「OK Google」。
最近はテレビのCMでもよく聞く言葉ですが、すっかりタッチ入力に慣れてしまっているので、あまり使う機会がありません。
米Googleは、2014年に公式ブログで「10代の半数以上が毎日音声検索を使っている」(1400人が対象)という調査結果を発表していますが、若者は積極的に音声検索を使っているようです。
しかし、まわりの話を聞いていると、どうやら40〜60代の中高年世代も音声検索をバリバリ使いこなしていることが分かってきました。そして、どうやら最近スマホデビューした母親もその恩恵を受けているようなのです。
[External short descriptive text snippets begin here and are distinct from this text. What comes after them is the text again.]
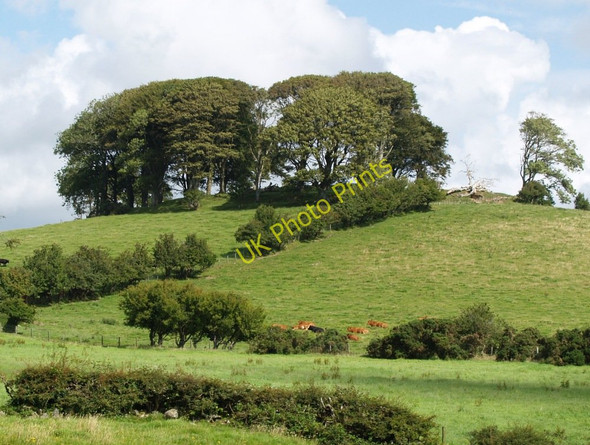 Photo 6"x4" The Doon,  Twynholm Twynholm c2010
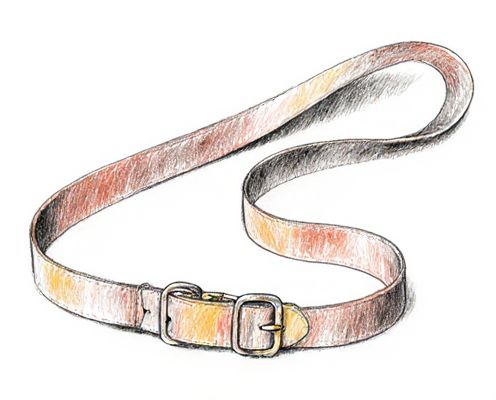 Bag Straps in Women's Accessories: Styles, Materials, and Fashion Pairing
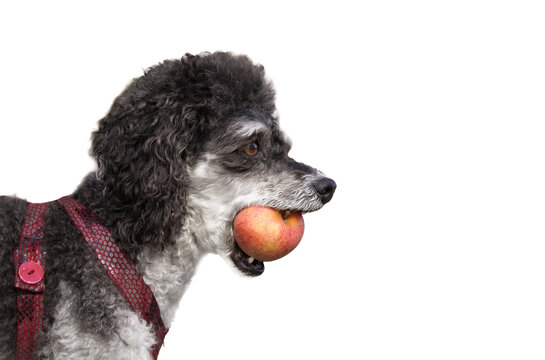 Isolated dog with apple in mouth. Side view of poodle with red apple between teeth. Concept for why dogs carry things around and dental health. Miniature harlequin poodle. Selective focus.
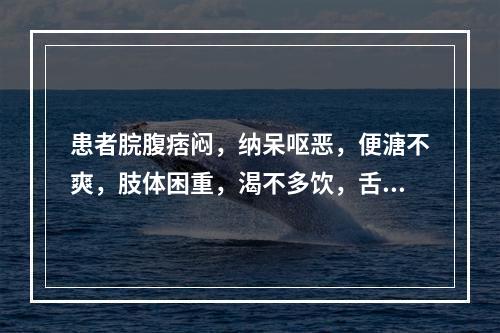 患者脘腹痞闷，纳呆呕恶，便溏不爽，肢体困重，渴不多饮，舌红，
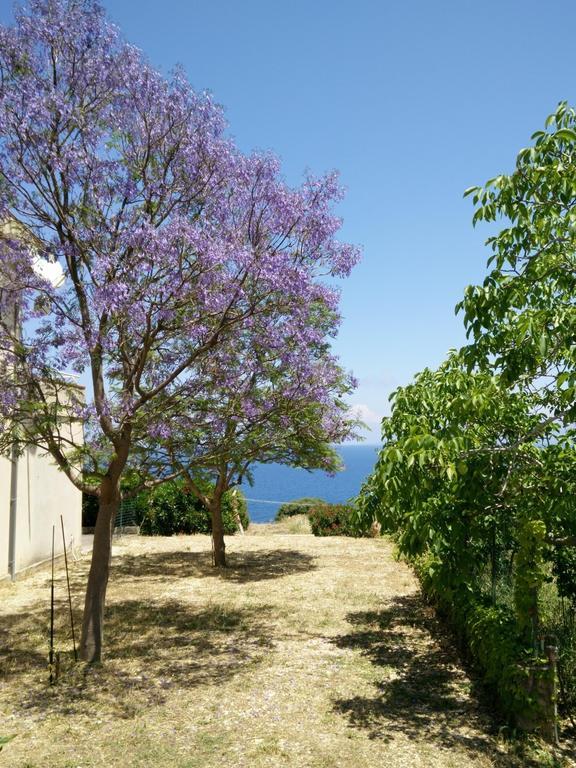 Bellavista
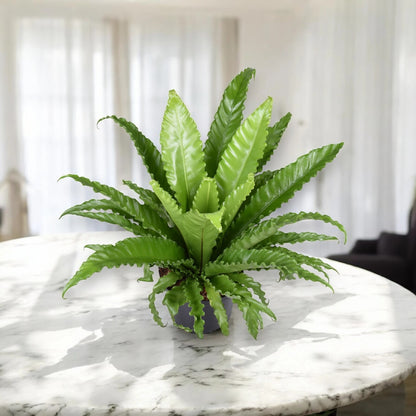 Asplenium antiquum in vaso, felce nido d'uccello con fronde larghe verdi lucide disposte a rosetta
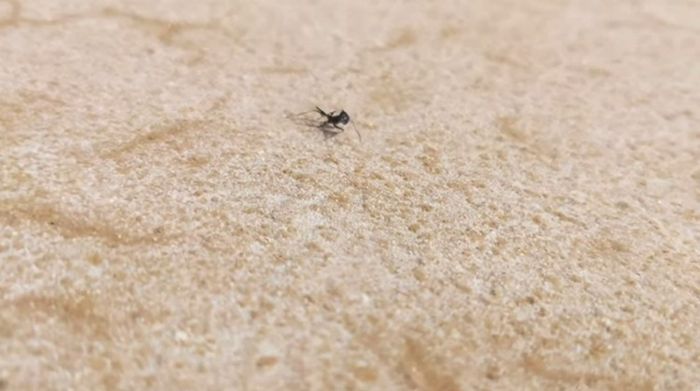 Semut gurun ini meninggal karena kelelahan tidak menemukan jalan pulang.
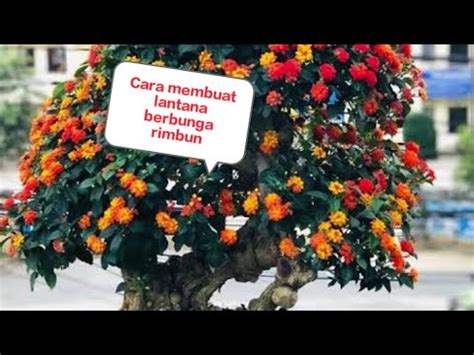 Cara Membuat Bunga Lantana Rimbun YouTube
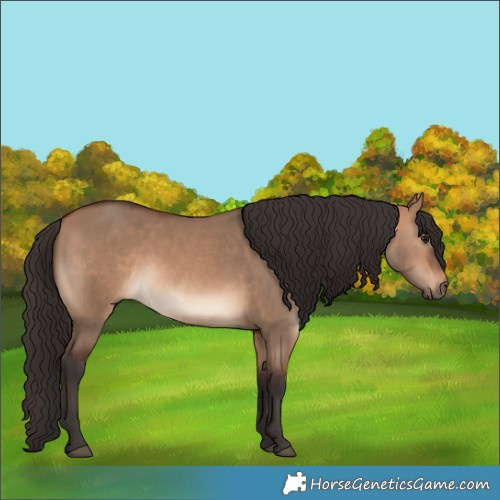 Horse Color:Bay Dun 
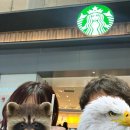 동방슈퍼 | 태국 중국 경유해서 가기 중국동방항공 비행기 연착 후기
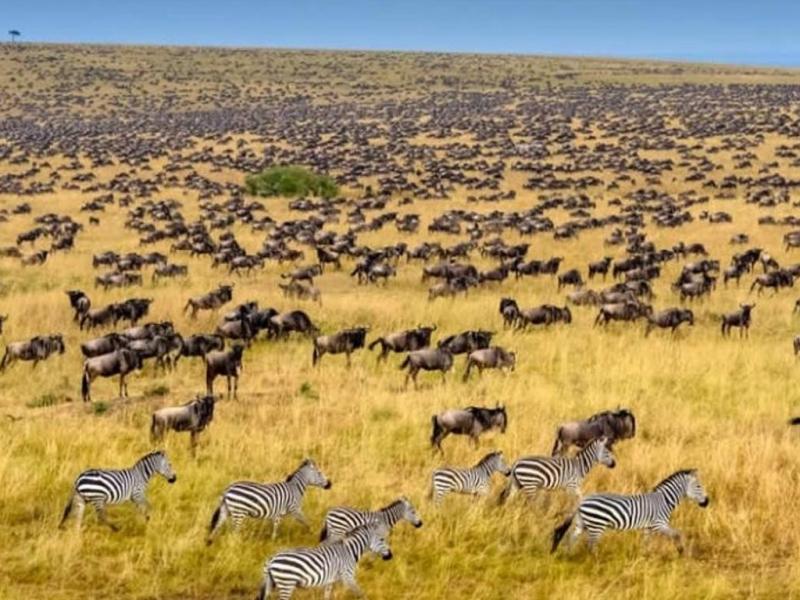 Three-day safari tour from Nairobi to Masai Mara in Kenya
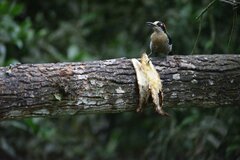 Melanerpes pucherani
13年間ガラケーを使い続けた58歳の母が、ついにスマホデビューしました。もともとITオンチなのもあり、初めてのスマホに四苦八苦。特に大変なのが「文字入力」です。
慣れないタッチ操作、ガラケーと違うキー配列、かな/カナ/英数字/全角/半角の切り替えなど、覚えることがありすぎて、軽くパニック。入力するとき、した後の文字も小さすぎて見えず、試しに「マクドナルド」という6文字を打つだけでも10分程かかりました。
どうしたものかと思っていたとき、「親は音声検索をバリバリ使っている」という身近な人たちの話を思い出し、試してもらいました。
効果てきめんで、ITオンチな母でも検索窓の右端にあるマイクのアイコンをタップし、今度はものの数秒でマクドナルドのページを検索できました。さっきまで眉間にしわを寄せながら小さい画面をにらみ続けていた母も、「なんだ、簡単じゃん」と余裕の表情です。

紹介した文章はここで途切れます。